The exact origins of the Mardi Gras Indians is a little more obscure. During the 1740s New Orleans was a major center of African American music and dance. From around this time until the Civil War African American and Native cultures became intertwined in the area due the large numbers of runaway slaves who found shelter among the Indian tribes of the region. In 1885 a group of about 50 Plains Indians marched through New Orleans in native dress. That same year the first Mardi Gras Indian gang was formed.

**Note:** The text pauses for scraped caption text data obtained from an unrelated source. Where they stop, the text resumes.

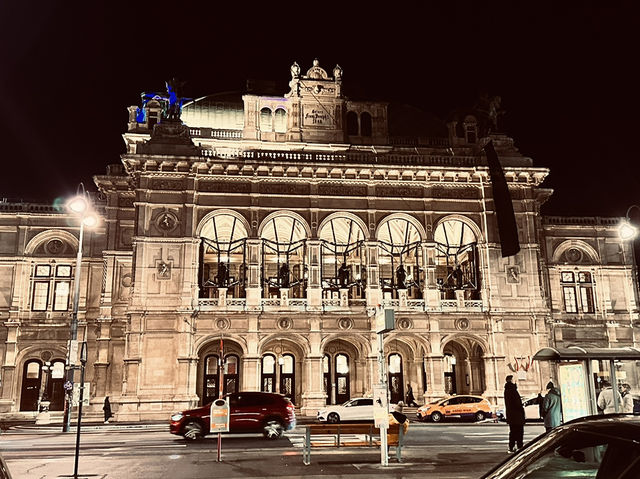 🇦🇹Waltzing Through Vienna, Moments in the City of Music 🇦🇹Waltzing Through Vienna, Moments in the City of Music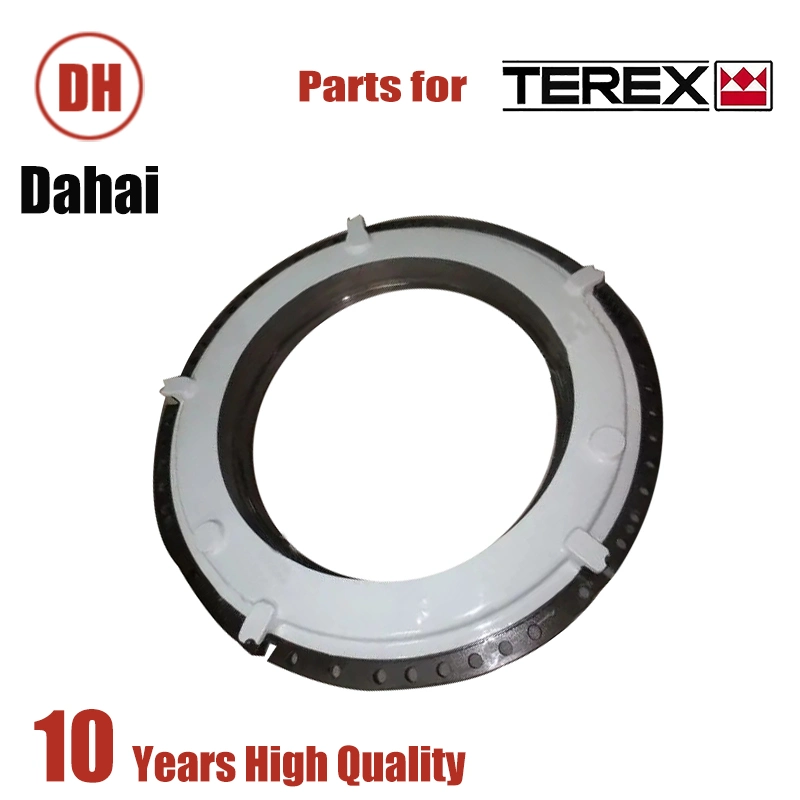 Dahai Japan Sring Housing machine 15247047 for Terex Tr100 Parts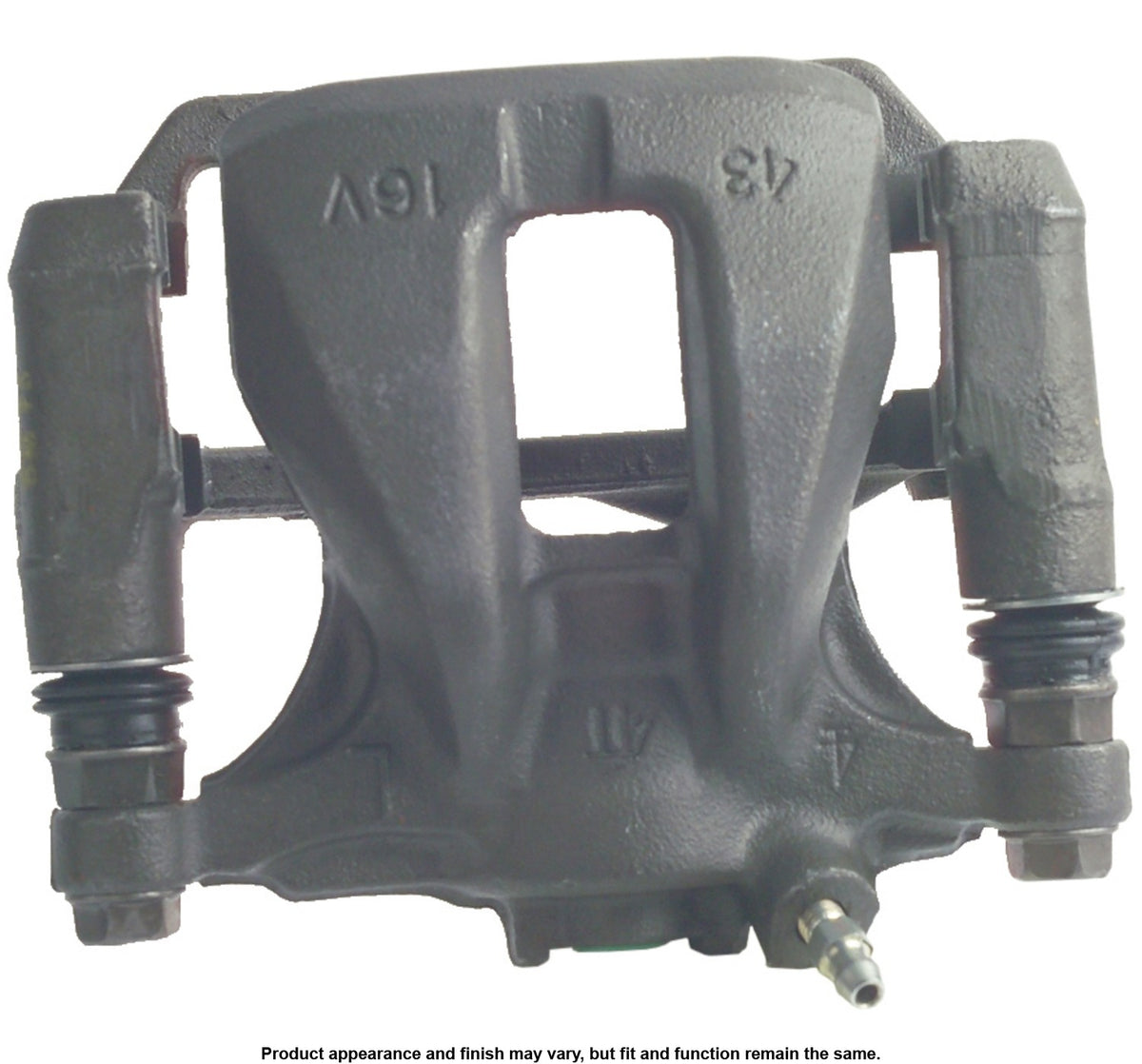 Cardone Reman Disc Brake Caliper 19-B1645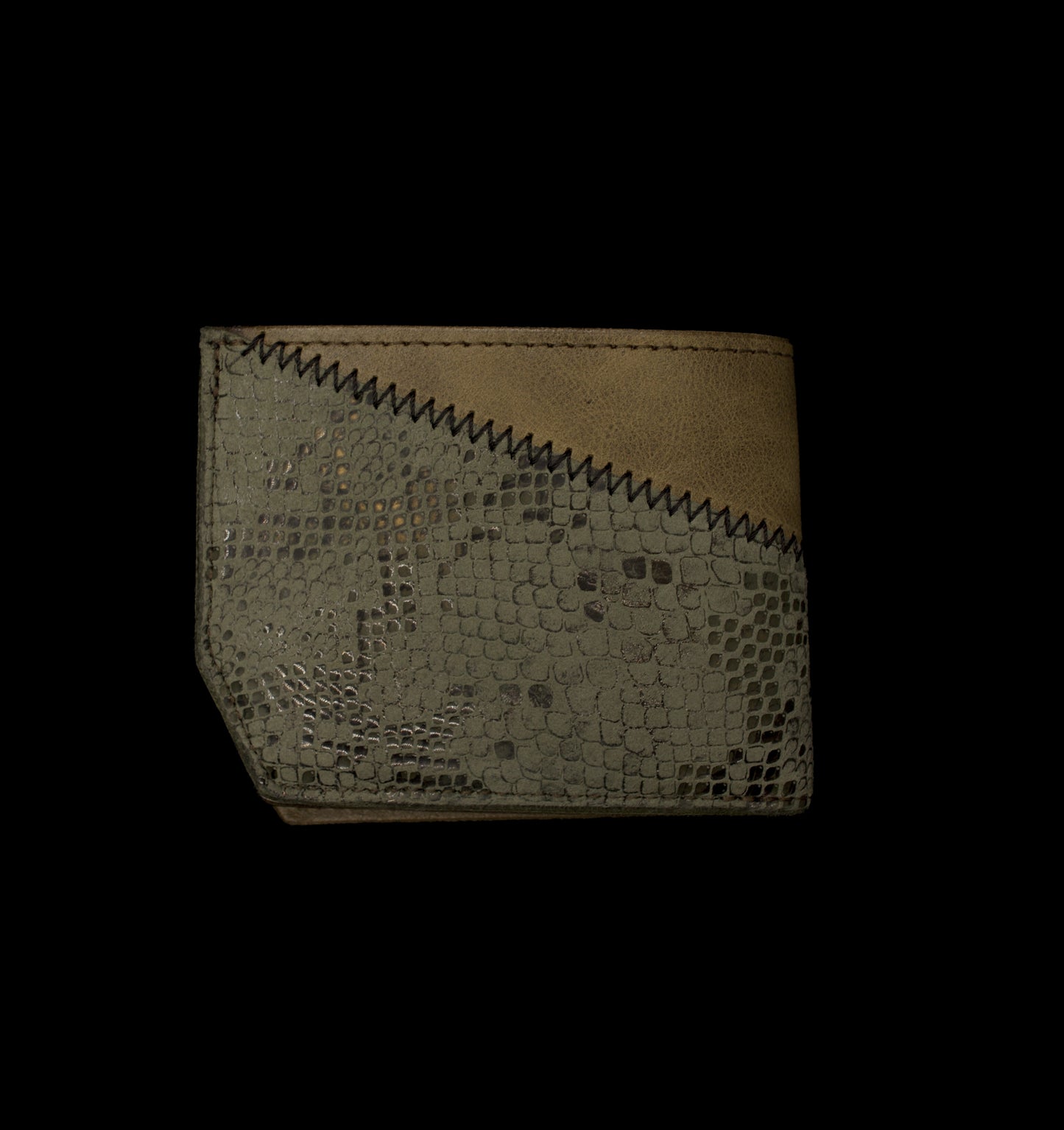 Skerocuda Nomad wallet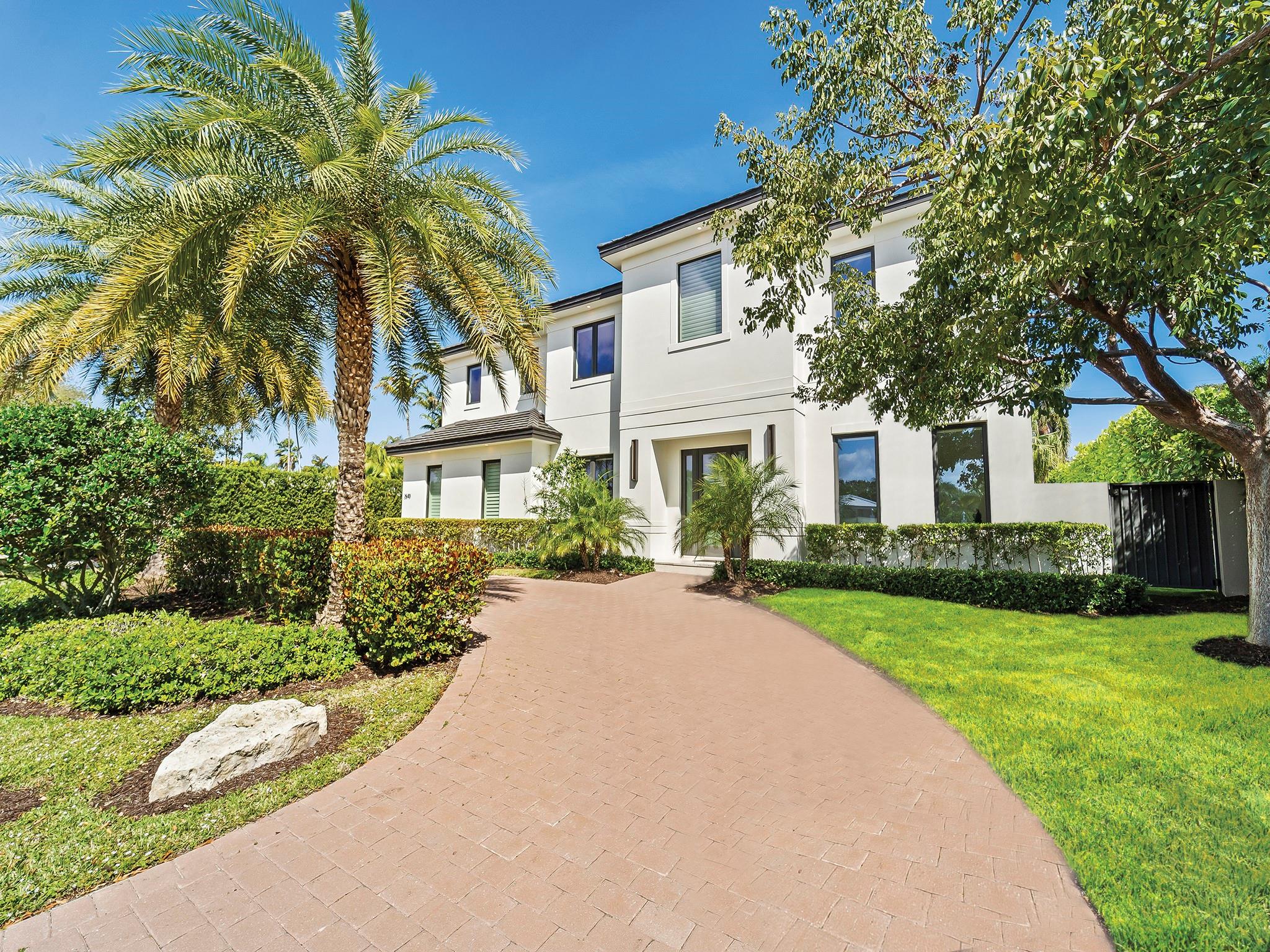 CORAL RIDGE - Residential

Today there are about 35 "tribes" or "gangs" of African American Mardi Gras tribes in New Orleans. They are loosely affiliated into two organization, Uptown Indians and Downtown Indians. Mardi Gras Indian suits cost thousands of dollars in materials alone and can weigh upwards of one hundred pounds. A suit usually takes between six to nine months to plan and complete. Each Indian designs and creates his own suit; elaborate bead patches depict meaningful and symbolic scenes.Beads, feathers, and sequins are integral parts of a Mardi Gras Indian suit. Uptown New Orleans tribes tend to have more sculptural and abstract African-inspired suits; downtown tribes have more pictorial suits with heavy Native American influences.

Processions are heraleded by scouts that run a few blocks ahead to watch for trouble, next comes the First Flag displaying the gangs colors. The group follows. Notably in the group are the Big Chief, who directs the gang and decides where to go and who to meet, and the Wildman, who dances near the Big Chief and carries a symbolic weapon. Percussionists bring up the rear.During the march, the Indians dance and sing traditional songs particular to their gang. They use hodgepodge languages loosely based on different African dialects. The Big Chief decides where the gang will parade; the parade route is different each time. When two tribes come across each other, they either pass by or meet for a symbolic fight. Each tribe lines up and the Big Chiefs taunt each other about their suits and their tribes. The drum beats of the two tribes intertwine, and the face off is complete. Both tribes continue on their way

Historically the tribes were often in more violent conflict. Dances were a time to settle grudges. Participants were often masked and used the confusion to strike out at enemies, carrying guns and knives. Many dances ended in bloodshed and death. This changed in the 1960s under the leadership Allison Montana, called "Chief of Chiefs", who swore he would make the groups fight with needle and thread rather than guns and knives. Since the dances have more often been about competition, costume, and showmanship. Nevertheless violence would still occasionally erupt. The secretive and unpredictable nature of the dances often led to conflicts with authorities, rightly or wrongly.

The violent period of the dances is immortalized in James Sugar Boy Crawfor's song, "Jock O Mo."

In the last few years the city of New Orleans have embraced the Dancers and even include them in tourism materials.

Still not sure why St. Joseph's Day and the Sunday before are such important days to them, other than the holidays association with the city.